-------- Source data --------

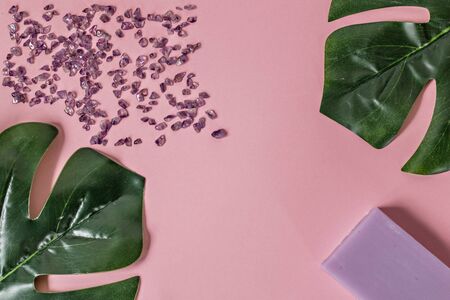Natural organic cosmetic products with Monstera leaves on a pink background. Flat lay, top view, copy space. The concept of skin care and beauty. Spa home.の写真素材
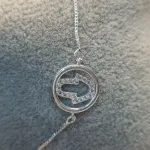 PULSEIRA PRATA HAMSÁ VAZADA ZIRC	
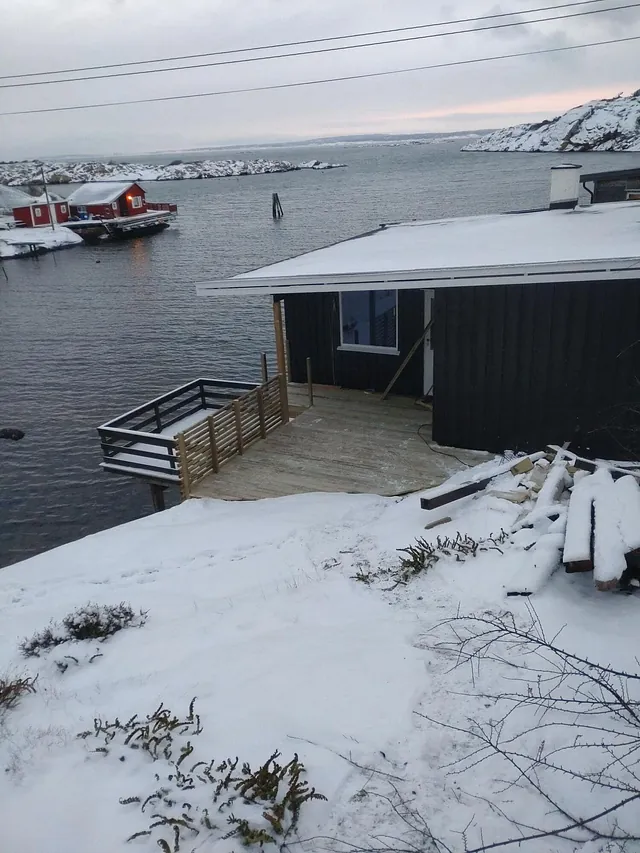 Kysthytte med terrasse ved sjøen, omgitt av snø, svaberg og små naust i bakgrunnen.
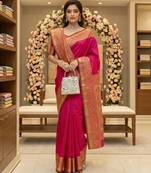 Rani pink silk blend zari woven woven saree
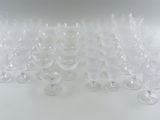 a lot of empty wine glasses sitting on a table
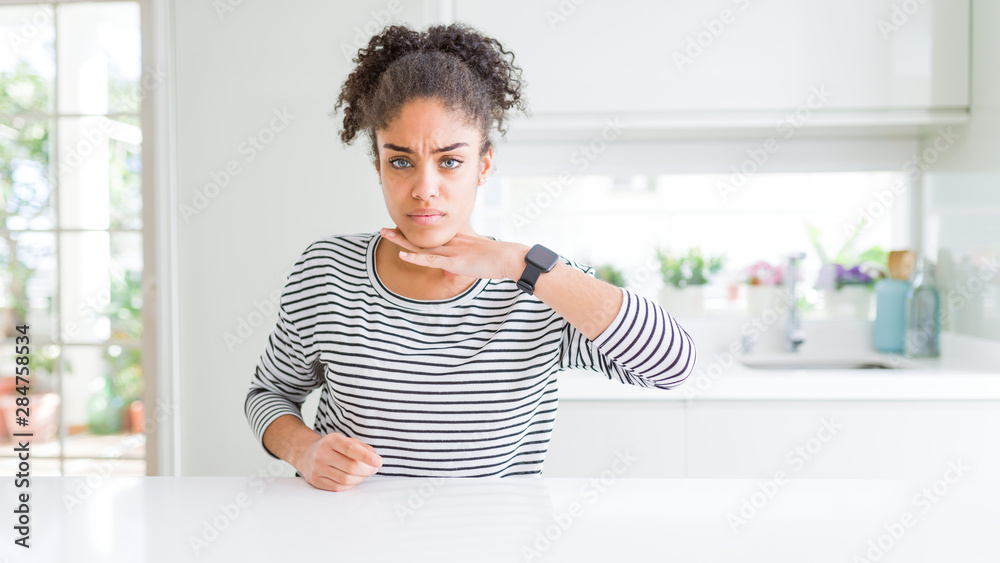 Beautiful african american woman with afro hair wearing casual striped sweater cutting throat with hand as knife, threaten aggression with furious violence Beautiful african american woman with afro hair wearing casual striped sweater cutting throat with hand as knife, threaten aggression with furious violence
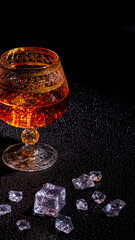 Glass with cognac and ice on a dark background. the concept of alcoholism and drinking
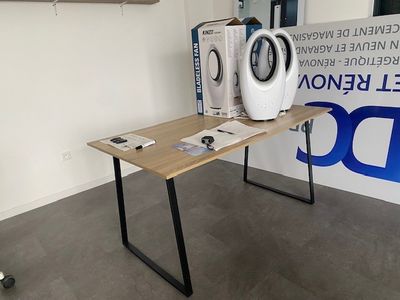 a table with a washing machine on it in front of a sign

--------

▶ [What the task asks] Drop the pictures, then reproduce exactly the lines from the one with "Kysthytte med terrasse" through the final line of the listing.

▶ [Your solution]
 Kysthytte med terrasse ved sjøen, omgitt av snø, svaberg og små naust i bakgrunnen.
 Rani pink silk blend zari woven woven saree
 a lot of empty wine glasses sitting on a table
 Beautiful african american woman with afro hair wearing casual striped sweater cutting throat with hand as knife, threaten aggression with furious violence Beautiful african american woman with afro hair wearing casual striped sweater cutting throat with hand as knife, threaten aggression with furious violence
 Glass with cognac and ice on a dark background. the concept of alcoholism and drinking
 a table with a washing machine on it in front of a sign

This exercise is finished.